The second of the two transactions involved an exchange of offsetting energy options. On December 29, 1999, Enron sold to Merrill Lynch a physically settled call option. Simultaneously, Merrill Lynch sold to Enron a financially settled call option. The terms of the options were virtually identical. As one contemporaneous Merrill Lynch memorandum put it: "The quantities, pricing points, market locations and term are 'mirror image.'" Or as another internal Merrill memo put it, the proposed transaction was "delta neutral." The purpose and effect of these two transactions for Enron -- and Merrill understood this -- was to allow Enron to report an additional $50 million of income and achieve its year-end earnings target. Because of its importance in this regard, Enron was willing to pay Merrill Lynch $17 million to enter into the transaction. Merrill Lynch, in essence, was to be paid a $17 million fee for helping Enron cook its books. Only two months later, Enron agreed to unwind the transaction and ended up paying Merrill half of the $17 million fee. In connection with the unwinding of the transaction, a Merrill Lynch email, written by defendant Schuyler Tilney, stated that Enron's desire to unwind the transaction was not surprising and acknowledged: "We were clearly helping them make earnings for the quarter and year (which had great value in their stock price, not to mention personal compensation)."

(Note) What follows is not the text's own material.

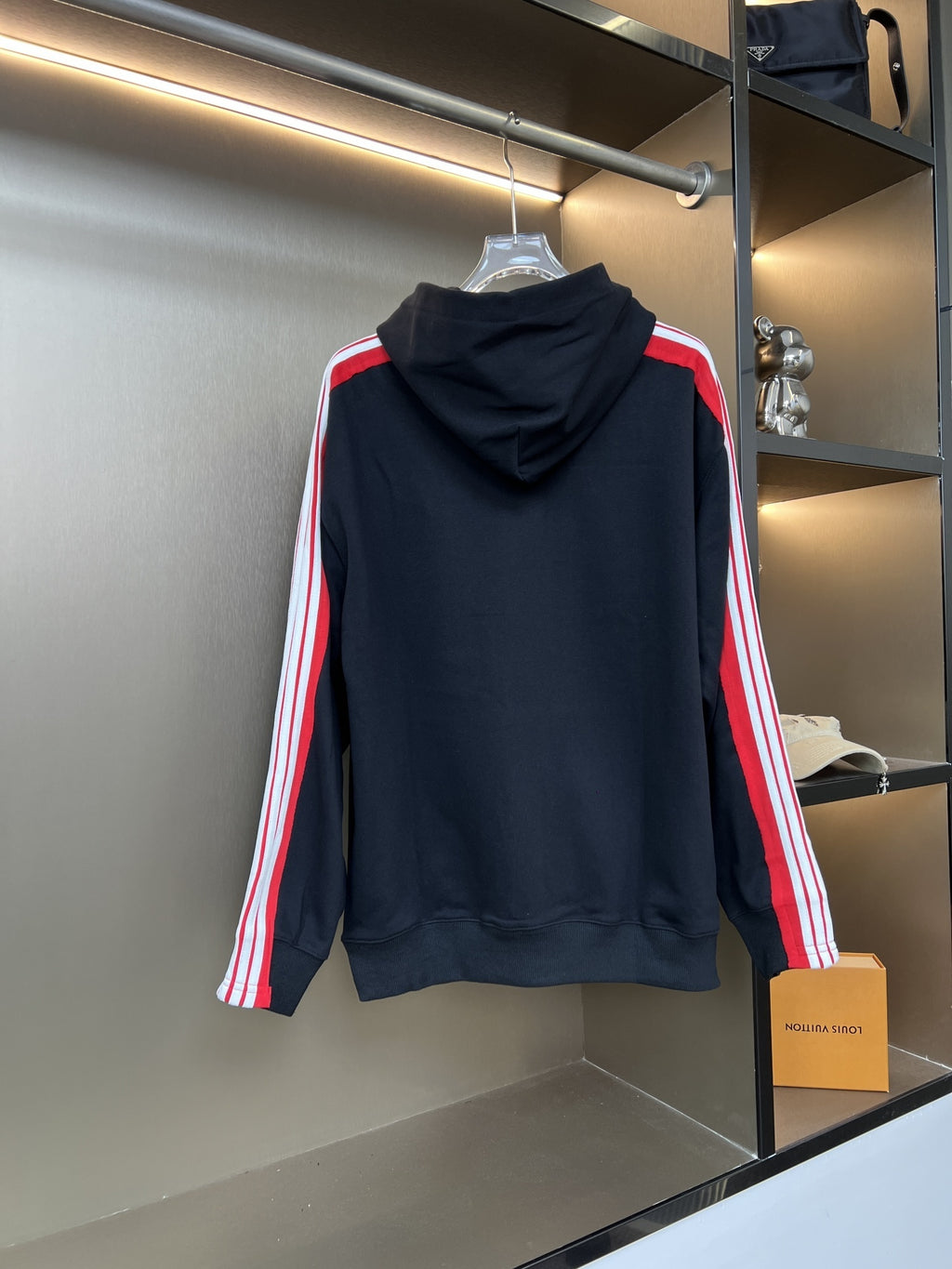 95ZJ343U Popular Sweaters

The four former executives named in the Commission's complaint are Schuyler Tilney, the former Global Head of the Energy and Power Group, Robert Furst a former Managing Director, Daniel Bayly, the former Chairman of Investment Banking, and Thomas Davis, the former Vice Chairman of Private Equity and Research. The complaint alleges specific conduct by each of the defendants with respect to the parking transaction and by Messrs. Furst and Tilney with respect to the sham energy transaction. With respect to all four individuals, the Commission is seeking permanent injunctions against future violations of the federal securities laws, officer and director bars, and penalties.

I would like to recognize the staff of the Federal Energy Regulatory Commission for its assistance in the Commission's investigation.

I would also like to commend and thank the Justice Department Enron Task Force for its close cooperation with the Commission's Enforcement Division on this matter and on the continuing Enron investigation. This cooperation is a perfect example of different government agencies working together to restore investors' confidence in our financial markets.

I want to thank the Commission and Chairman Donaldson for their leadership and commitment to aggressive enforcement.

I want to thank our entire enforcement Enron team, and especially those responsible for today's action, Deputy Director Linda Thomsen, Assistant Director Charles Clark, Associate Chief Accountant Regina Barrett, Assistant Chief Litigation Counsel Lou Mejia, Branch Chief Alex Lipman, Branch Chief Doug Paul, and Senior Counsel Kevin Loftus, for their hard work and dedication.

Finally, in case there is any doubt, our investigation is continuing.